TASK REQUIREMENTS
Write the listing out again word for word. Pictures do not belong in the copy.

::: THE DATA :::

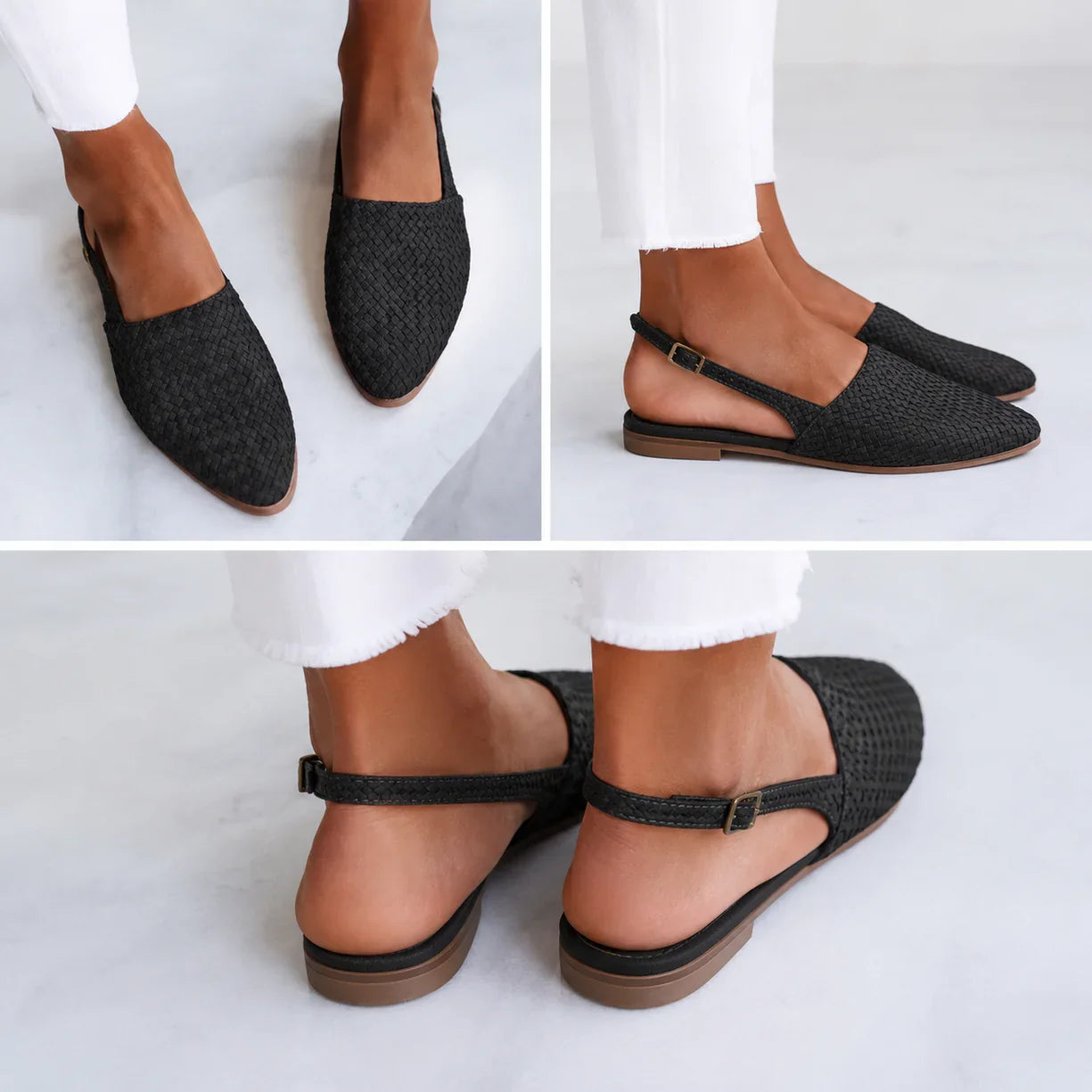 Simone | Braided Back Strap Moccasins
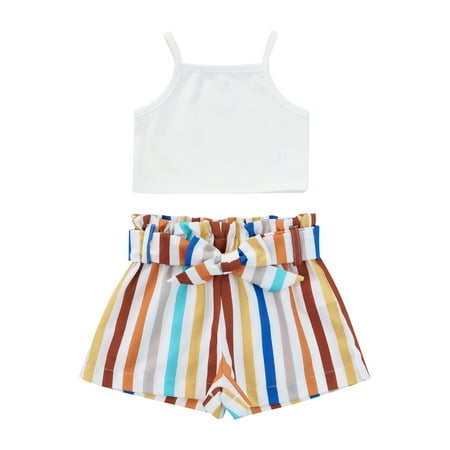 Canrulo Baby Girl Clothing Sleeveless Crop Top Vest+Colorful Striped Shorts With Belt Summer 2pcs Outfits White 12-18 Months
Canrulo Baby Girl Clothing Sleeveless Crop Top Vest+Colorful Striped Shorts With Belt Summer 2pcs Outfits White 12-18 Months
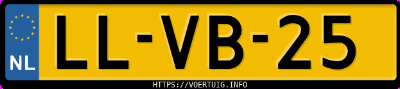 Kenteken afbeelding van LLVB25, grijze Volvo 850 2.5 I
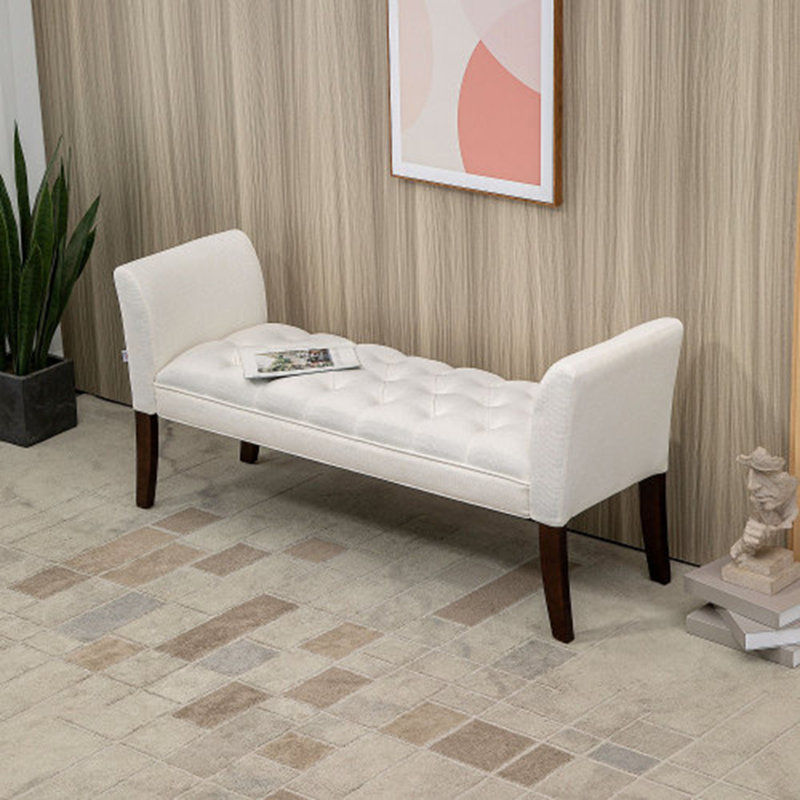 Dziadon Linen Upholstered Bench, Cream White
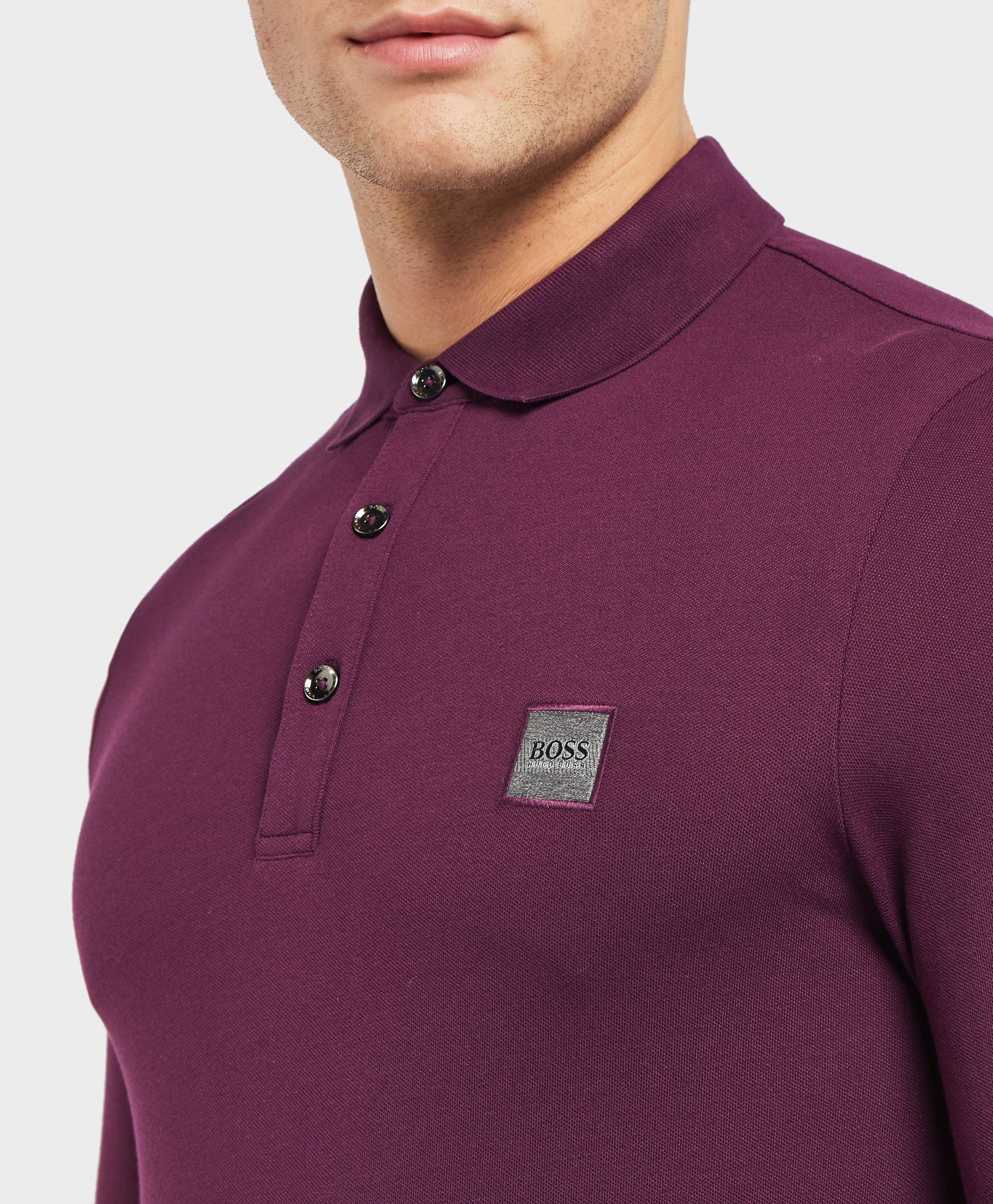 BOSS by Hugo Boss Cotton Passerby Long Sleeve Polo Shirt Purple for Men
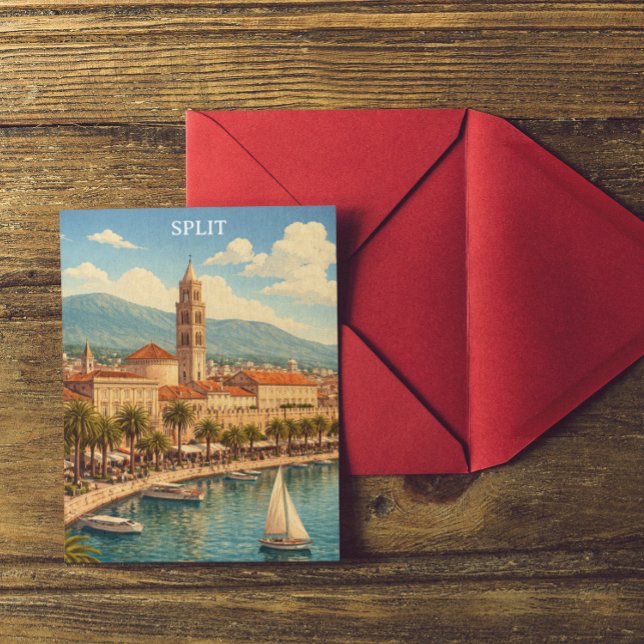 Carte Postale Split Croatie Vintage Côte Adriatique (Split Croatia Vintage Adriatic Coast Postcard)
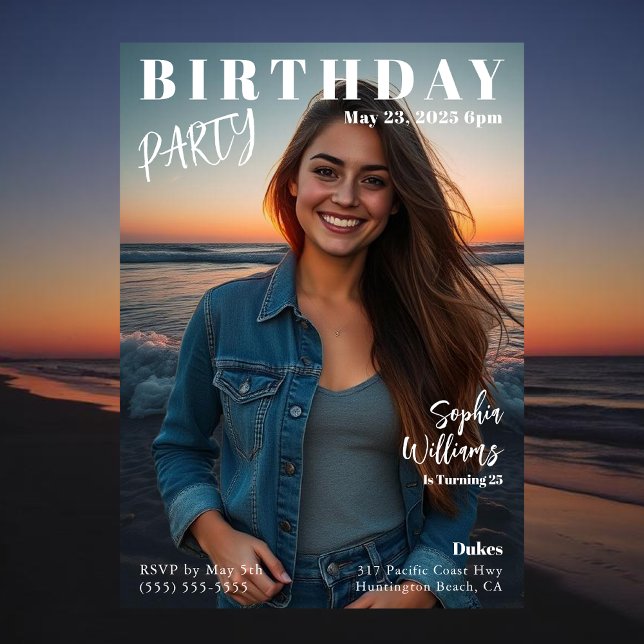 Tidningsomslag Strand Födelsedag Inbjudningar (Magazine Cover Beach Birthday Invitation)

:::

ANSWER TO THE PROBLEM
 Simone | Braided Back Strap Moccasins
 Canrulo Baby Girl Clothing Sleeveless Crop Top Vest+Colorful Striped Shorts With Belt Summer 2pcs Outfits White 12-18 Months
Canrulo Baby Girl Clothing Sleeveless Crop Top Vest+Colorful Striped Shorts With Belt Summer 2pcs Outfits White 12-18 Months
 Kenteken afbeelding van LLVB25, grijze Volvo 850 2.5 I
 Dziadon Linen Upholstered Bench, Cream White
 BOSS by Hugo Boss Cotton Passerby Long Sleeve Polo Shirt Purple for Men
 Carte Postale Split Croatie Vintage Côte Adriatique (Split Croatia Vintage Adriatic Coast Postcard)
 Tidningsomslag Strand Födelsedag Inbjudningar (Magazine Cover Beach Birthday Invitation)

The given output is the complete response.